**TASK TO CARRY OUT:**
Take the lines below from the first through the one that contains "Photo detail:BLOUSE - SHORT" and copy them exactly.

══ MATERIAL PROVIDED ══

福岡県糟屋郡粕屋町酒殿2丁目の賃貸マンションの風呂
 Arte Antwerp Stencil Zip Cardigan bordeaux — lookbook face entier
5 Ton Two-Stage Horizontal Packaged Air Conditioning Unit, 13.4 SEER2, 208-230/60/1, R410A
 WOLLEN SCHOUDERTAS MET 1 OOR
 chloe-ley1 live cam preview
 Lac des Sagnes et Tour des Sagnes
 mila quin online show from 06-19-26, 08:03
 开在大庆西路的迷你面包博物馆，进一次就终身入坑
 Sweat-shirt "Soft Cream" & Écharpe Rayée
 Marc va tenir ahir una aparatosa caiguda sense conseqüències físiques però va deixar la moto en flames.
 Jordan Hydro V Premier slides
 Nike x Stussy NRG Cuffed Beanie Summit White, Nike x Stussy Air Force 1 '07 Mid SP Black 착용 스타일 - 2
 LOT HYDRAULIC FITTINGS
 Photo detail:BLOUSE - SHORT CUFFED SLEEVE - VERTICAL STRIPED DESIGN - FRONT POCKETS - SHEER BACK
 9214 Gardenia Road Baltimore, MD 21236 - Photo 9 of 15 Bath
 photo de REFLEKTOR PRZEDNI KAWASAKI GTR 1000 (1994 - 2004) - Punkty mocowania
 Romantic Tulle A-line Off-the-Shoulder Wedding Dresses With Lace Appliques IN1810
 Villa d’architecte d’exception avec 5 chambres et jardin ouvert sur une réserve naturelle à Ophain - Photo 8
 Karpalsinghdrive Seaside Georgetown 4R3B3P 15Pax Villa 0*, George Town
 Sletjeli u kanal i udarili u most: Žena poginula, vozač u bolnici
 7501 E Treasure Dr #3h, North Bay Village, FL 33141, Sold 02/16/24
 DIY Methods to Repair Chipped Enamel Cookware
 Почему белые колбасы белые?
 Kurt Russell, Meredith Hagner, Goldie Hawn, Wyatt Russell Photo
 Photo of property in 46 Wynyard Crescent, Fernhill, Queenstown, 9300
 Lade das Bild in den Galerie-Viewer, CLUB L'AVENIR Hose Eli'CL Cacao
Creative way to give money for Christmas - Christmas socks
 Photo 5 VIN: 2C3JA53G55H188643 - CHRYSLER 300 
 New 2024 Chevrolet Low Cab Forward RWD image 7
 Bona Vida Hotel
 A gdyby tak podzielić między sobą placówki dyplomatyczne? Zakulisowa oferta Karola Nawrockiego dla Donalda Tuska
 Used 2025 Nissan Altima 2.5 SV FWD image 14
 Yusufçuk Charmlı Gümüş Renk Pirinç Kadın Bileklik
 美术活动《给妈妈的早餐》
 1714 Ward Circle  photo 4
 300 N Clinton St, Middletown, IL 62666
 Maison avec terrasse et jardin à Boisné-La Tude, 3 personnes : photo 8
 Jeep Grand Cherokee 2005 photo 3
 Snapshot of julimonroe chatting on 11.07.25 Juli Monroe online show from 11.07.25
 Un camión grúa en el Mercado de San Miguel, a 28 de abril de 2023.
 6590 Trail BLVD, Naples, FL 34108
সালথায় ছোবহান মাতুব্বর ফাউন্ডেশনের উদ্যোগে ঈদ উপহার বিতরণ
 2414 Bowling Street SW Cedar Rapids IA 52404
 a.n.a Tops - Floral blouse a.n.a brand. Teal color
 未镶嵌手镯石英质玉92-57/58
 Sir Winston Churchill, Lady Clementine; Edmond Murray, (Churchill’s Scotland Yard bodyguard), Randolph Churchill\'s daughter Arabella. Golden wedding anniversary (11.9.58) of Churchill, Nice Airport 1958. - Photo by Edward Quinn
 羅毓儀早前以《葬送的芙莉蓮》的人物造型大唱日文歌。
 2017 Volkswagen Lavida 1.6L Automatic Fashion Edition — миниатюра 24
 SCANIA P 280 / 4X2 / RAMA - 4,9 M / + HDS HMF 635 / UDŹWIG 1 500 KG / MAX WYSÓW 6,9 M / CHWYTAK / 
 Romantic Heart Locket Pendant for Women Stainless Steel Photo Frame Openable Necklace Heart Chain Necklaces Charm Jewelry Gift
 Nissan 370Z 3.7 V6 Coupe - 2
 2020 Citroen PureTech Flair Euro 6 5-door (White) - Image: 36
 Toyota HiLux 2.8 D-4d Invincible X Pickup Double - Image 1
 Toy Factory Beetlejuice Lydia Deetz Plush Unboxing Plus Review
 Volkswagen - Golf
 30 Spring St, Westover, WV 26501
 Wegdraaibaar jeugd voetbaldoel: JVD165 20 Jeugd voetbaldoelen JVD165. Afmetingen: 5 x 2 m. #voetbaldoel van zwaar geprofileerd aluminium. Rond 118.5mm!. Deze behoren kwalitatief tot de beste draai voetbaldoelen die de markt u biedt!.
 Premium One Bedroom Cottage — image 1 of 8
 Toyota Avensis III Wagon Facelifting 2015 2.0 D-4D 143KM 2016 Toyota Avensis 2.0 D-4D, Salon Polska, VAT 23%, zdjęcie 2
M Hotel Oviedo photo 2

═══

**RESULT OF THIS EXERCISE:**
福岡県糟屋郡粕屋町酒殿2丁目の賃貸マンションの風呂
 Arte Antwerp Stencil Zip Cardigan bordeaux — lookbook face entier
5 Ton Two-Stage Horizontal Packaged Air Conditioning Unit, 13.4 SEER2, 208-230/60/1, R410A
 WOLLEN SCHOUDERTAS MET 1 OOR
 chloe-ley1 live cam preview
 Lac des Sagnes et Tour des Sagnes
 mila quin online show from 06-19-26, 08:03
 开在大庆西路的迷你面包博物馆，进一次就终身入坑
 Sweat-shirt "Soft Cream" & Écharpe Rayée
 Marc va tenir ahir una aparatosa caiguda sense conseqüències físiques però va deixar la moto en flames.
 Jordan Hydro V Premier slides
 Nike x Stussy NRG Cuffed Beanie Summit White, Nike x Stussy Air Force 1 '07 Mid SP Black 착용 스타일 - 2
 LOT HYDRAULIC FITTINGS
 Photo detail:BLOUSE - SHORT CUFFED SLEEVE - VERTICAL STRIPED DESIGN - FRONT POCKETS - SHEER BACK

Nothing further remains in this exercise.